Years ago a friend told me she was in a small village in Guatemala and saw a woman in a night gown and high heels walking a pig on a leash. At the time it sounded like something from a Gabriel Garcia Marquez novel or a Fellini film. But now, having travelled extensively in many Latin American countries, I have seen equally bizarre and wonderful things countless times.

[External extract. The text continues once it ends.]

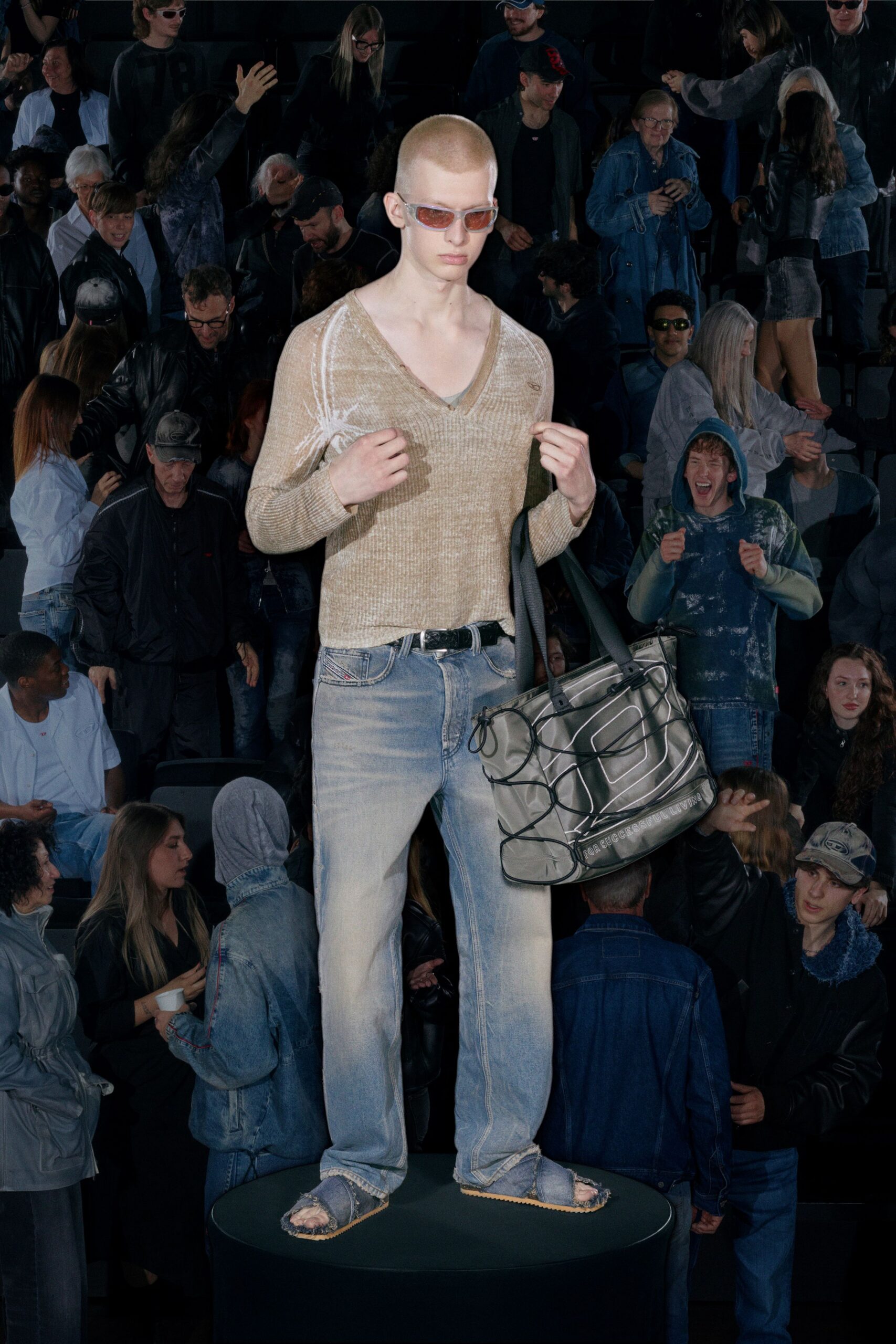 gray vinyl zippered bag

My recent trip to Honduras was no exception. Beside an expensive SUV with tinted windows will be a guy pulling a donkey loaded down with sugar cane. Or a man on a bike in the pouring rain with 100 pounds of bananas on his back. In Nueva Armenia (a 99% Black village) we met a little barefoot white guy with a big curly beard named Guillermo who learned English in London, England. With a little bottle of rum in the pocket of his ragged shorts, he withdrew the bottle, unscrewed the cap, drank it down, and in perfect English said, “Empty!” Not 100 paces beyond our adios with Guillermo was a circus-trapeze artist set up that looked like something out of a 1940s carnival. A man emerges out of nowhere with 4 or 5 young boys behind him and also speaks to us in English. “Come tonight for the big show!” Sadly, we had to leave…… How these guys ended up in Nueva Armenia is beyond improbable.

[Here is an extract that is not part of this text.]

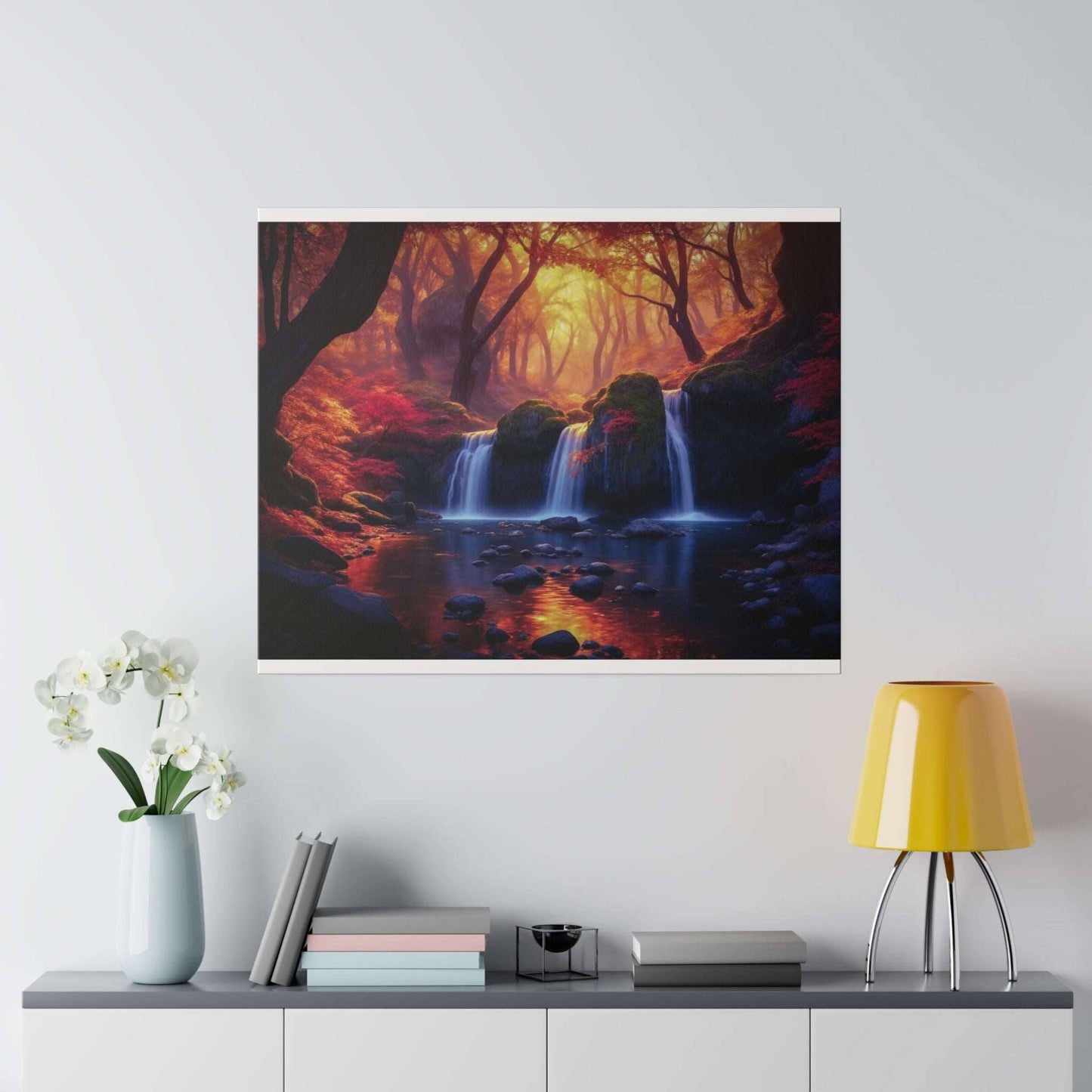 Enchanted Autumn Forest Waterfall Canvas Print - Radiant Nature Art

Then there was the retired engineer in Comayagua who proudly showed us his 3 sleek and impressive electric scooters he designed himself. I have a great photo of me on the back of his 2 seater design. Or the men at the gas station drinking beer at a picnic table(Salva Vida, Burst of Life or Life Saver!) who invited me to come over and chat with them and have a beer. Happy strong looking men with time on their hands and eager to make a new friend. Cheers to friendship! Cheers to a simpler more laid back life more spontaneous and less driven by calendars and the clock……

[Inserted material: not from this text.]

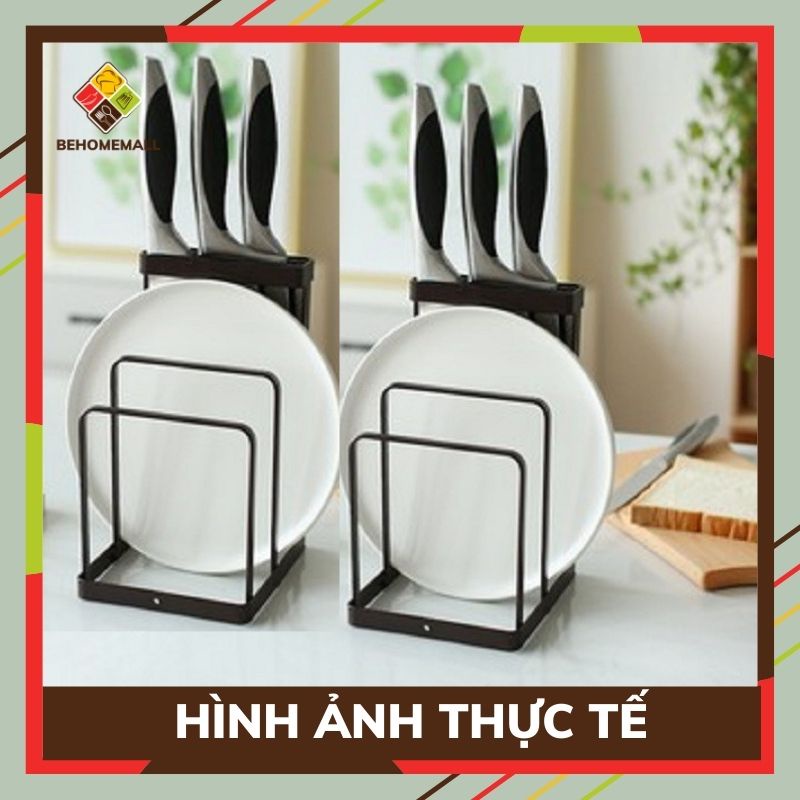 Kệ để dao thớt inox sơn tĩnh điện BEHOMEMALL giá để dao thớt nhà bếp hiện đại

On a hill at the end of a dirt road in a tiny mountain village sitting on a plastic chair eating beans and tortillas cooked over a wood fire, the house with no running water or electricity, I suddenly receive a text from Greensboro from my friend Michael wondering about lunch on Wednesday. I text back. “You won’t believe where I am right now. Ok, lunch Wednesday at the Aztec Dragon on Lawndale.” A rooster crows. Hens cluck. Dogs bark and slink around hoping for a scrap of tortilla. A guy named Marco (el presidente of the village) hands me a note with his cell phone number on it. “Keep in touch.” I will.
It is a wonderful life, and the earth is a wonderful place full of wonderful people.